PROBLEM TO WORK ON
From the records below, extract only the lines running from the line with "Zloději kradou v" to the line with "18008-18008 Shannon in", both lines included, reproducing them exactly.

DATA SHOWN
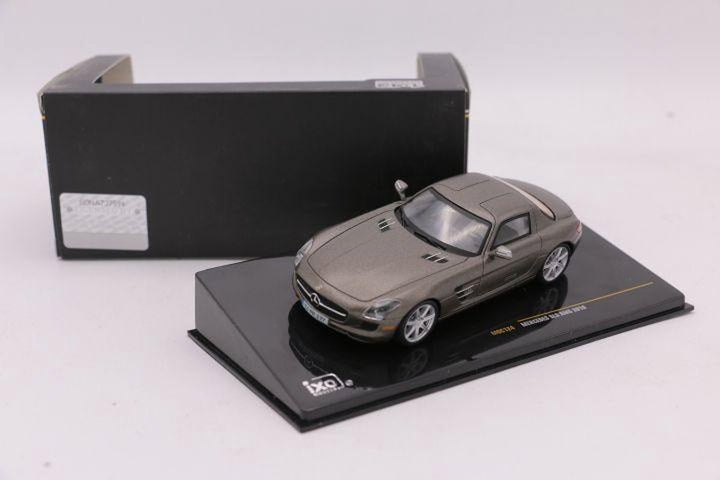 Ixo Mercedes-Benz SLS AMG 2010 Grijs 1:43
---
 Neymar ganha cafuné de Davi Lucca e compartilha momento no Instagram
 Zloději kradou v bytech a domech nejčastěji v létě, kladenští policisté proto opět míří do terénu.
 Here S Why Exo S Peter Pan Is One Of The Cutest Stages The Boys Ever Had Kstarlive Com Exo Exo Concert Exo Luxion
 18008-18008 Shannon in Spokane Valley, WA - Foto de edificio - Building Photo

THE ANSWER
 Zloději kradou v bytech a domech nejčastěji v létě, kladenští policisté proto opět míří do terénu.
 Here S Why Exo S Peter Pan Is One Of The Cutest Stages The Boys Ever Had Kstarlive Com Exo Exo Concert Exo Luxion
 18008-18008 Shannon in Spokane Valley, WA - Foto de edificio - Building Photo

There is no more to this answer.